TameBay Morsels for 27th May 2009
by Sue Bailey
VC Fred Wilson wonders why PayPal isn’t more popular: he doesn’t really draw any conclusions, but I suspect the comments may get interesting.
More interesting comments as Venture Beat asks Can eBay rebrand itself as the Web’s Wal-Mart? I’d say yes, it can, but should it want to? Steve “Genuine Seller” Lindhorst, on the other hand, is off to WalMart to shop.
HuffPo reports that Meg Whitman is writing a book about the “core values” that helped her build eBay. It’s currently untitled but is due out next February, as California goes to the polls.
And multi-millionaire dragon Duncan Ballantyne sells his stuff on eBay.

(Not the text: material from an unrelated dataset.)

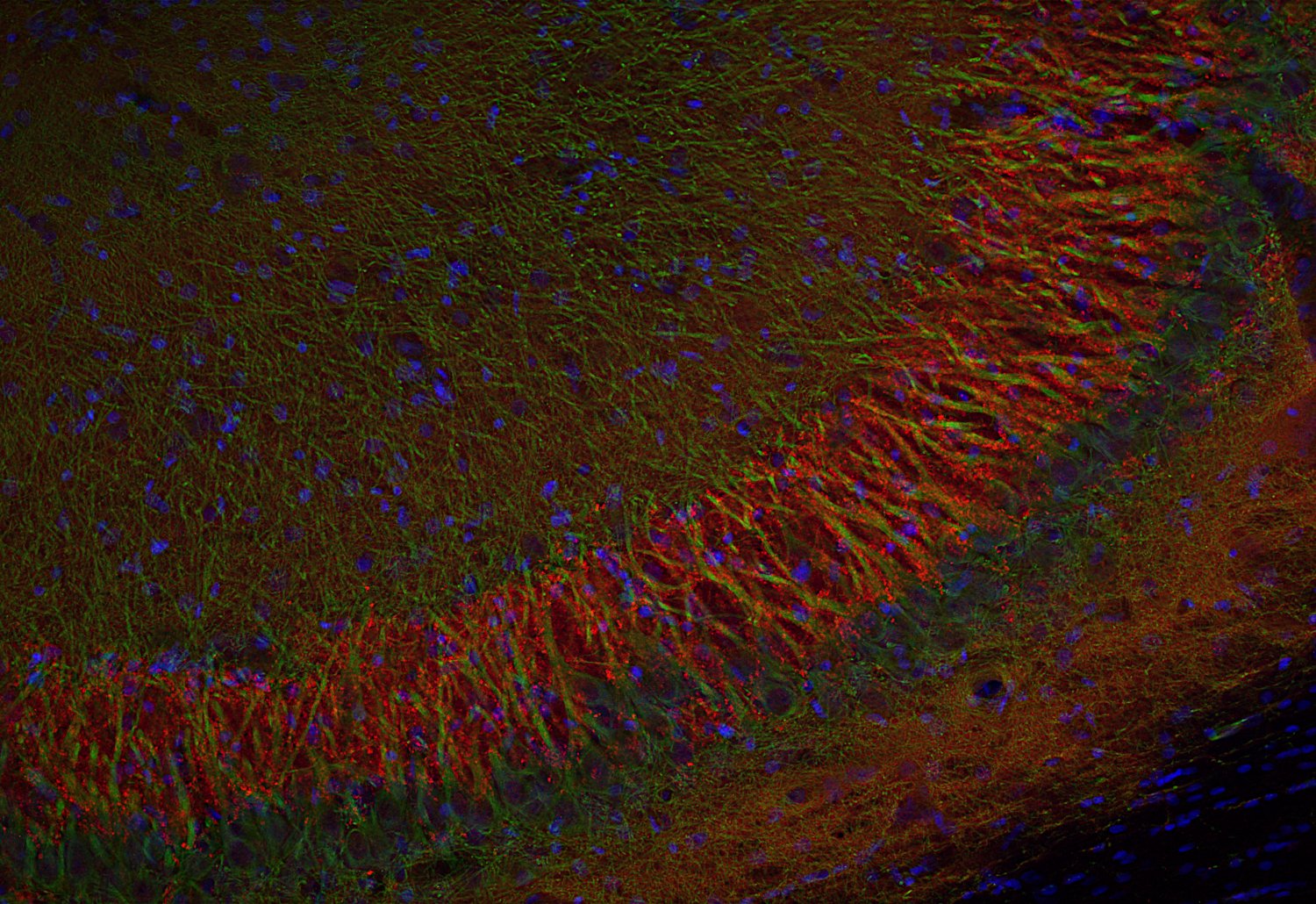 Synapsin2, Recombinant Guinea pig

> why PayPal isn’t more popular
PayPal’s growth is tied to eBay’s fortunes (or misfortunes). Until there’s a separation of these siamese twins, or eBay shrivels up into an appendage of PayPal, people shouldn’t expect titanic changes in market share.
Let’s do some ’sums’ shall we?
http://www.businessweek.com/technology/content/mar2009/tc20090311_318128.htm?chan=top+news_top+news+index+-+temp_news+%2B+analysis
March 12, 2009
“Donahoe pointed out that e-commerce is just 6% of real-world retail.”
eBay being a slice of that 6%.
I take the following statistics with a Utah salt mine.
http://news.ebay.com/fastfacts_paypal.cfm
“PayPal’s Total Payment Volume in 2008 represented nearly 9 percent of global e-commerce and 15 percent of US e-commerce.”
That’s 91% of the planet NOT using PayPal, and 85% of us Yanks using something other than PayPal. For e-commerce.
Soooo (insert Bill Cobb sound byte here) world wide PayPal’s “real-world retail” popularity is 9% of that 6%. Or maybe John Donahoe meant the U.S., making it 15% of 6%.
Either way that’s rather small. And unpopular.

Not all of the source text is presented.